ジェンダー主流化はSDGsの達成に極めて重要です。

研修参加者全員での集合写真

こんにちは、大学院生インターンのLeeです。

本年8月22日(月)から9月9日(金)にかけて、JICAの課題別研修「アジア地域市場志向型農業振興」がオンラインにて実施されています。5ヵ国総勢19名の行政官研修員が参加し、JICA北海道(帯広)とつないで研修を行うものです。今回は、私Leeもその研修の一部に参加してきました!

「アジア地域市場志向型農業振興」は、JICAが開発した小規模農家支援のアプローチ、SHEP (Smallholder Horticulture Empowerment & Promotionの略)であり、『市場意識の変革』と『開発途上国の小規模農家の所得向上』することを目的にした課題別研修です。

今回は、3週間の研修コースのうちの1コマ「農業とジェンダー」という講義に参加させていただきました。

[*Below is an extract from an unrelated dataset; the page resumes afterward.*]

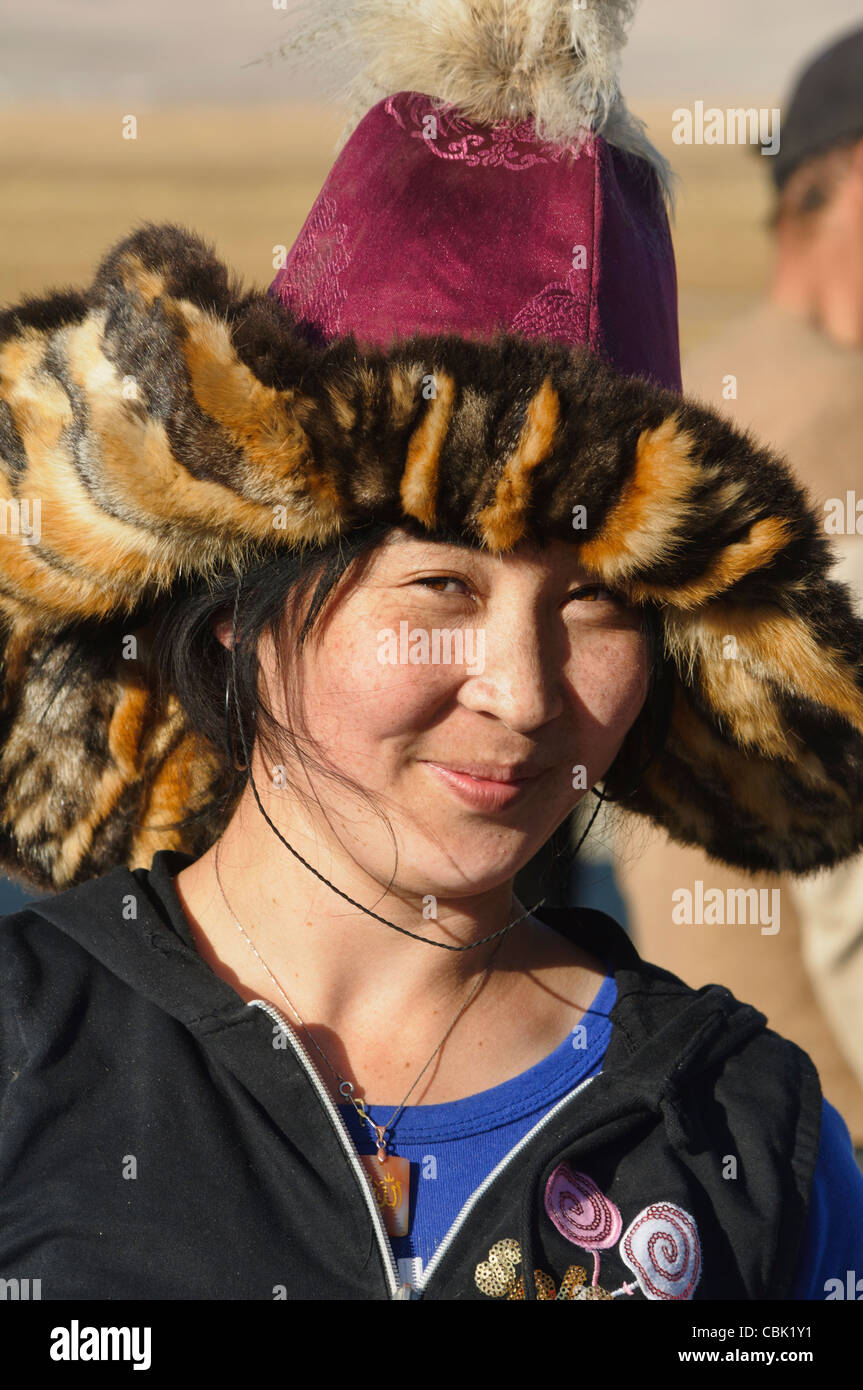 Portrait d'une femme en kazakh ethnique Bayan-Ölgii dans l'ouest de la Mongolie Banque D'Images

内容についてご紹介したいと思います。

当日は、元JICA国際協力専門員で、ジェンダー主流化(社会的性差解消に向けた対応)に取り込むシニアコンサルタントの山口綾さんから、SHEPアプローチにおけるジェンダー主流化と、ジェンダーの視点からの農業変革についてのお話がありました。山口さんは、様々なデータを用いながら農業分野における男女格差の実態について、収入や、与えられる研修機会の差などを例に説明しました。加えて、その格差による課題の解消と農業経営における対等な夫婦関係の実践によって得られるメリットとして、GDPと作物生産の向上を例に挙げました。また、ケニアとエジプトにおけるSHEPアプローチの比較を通じて、「ジェンダー戦略は国によって異なる」と指摘しました。さらに、ジェンダー分析、SHEPアプローチやPDCA(Plan(計画)→Do(実行)→Check(評価)→Action(改善))サイクルなどの方法論の紹介を行いました。最後に、山口さんはジェンダー平等及び女性のエンパワーメントは、 持続可能な開発目標(SDGs)のすべてのゴールの実現にとって重要と位置づけられていますと述べました。

Q&Aセッションにて、「女性のエンパワーメント(権限付与、能力開花)の実践にとって極めて重要な要因はなんだろうか」などたくさんの質問で盛り上がりました。山口さんは自分が経験されてきた案件と心構えを語って回答していただきました。参加した研修員からは、「ジェンダー分析と調査の仕組みがとても役に立つと思います」、「ジェンダーに対するマインドセットを変えるのは難しいが、これから積極的に取り込もうと思います」等のコメントをいただきました。

今回研修に参加した行政官が日本の農業から学んだ知識を基に、「市場を知り、農業で稼ぐ」、「農業における男女共同参画」という意識が浸透し活かされることを期待しています。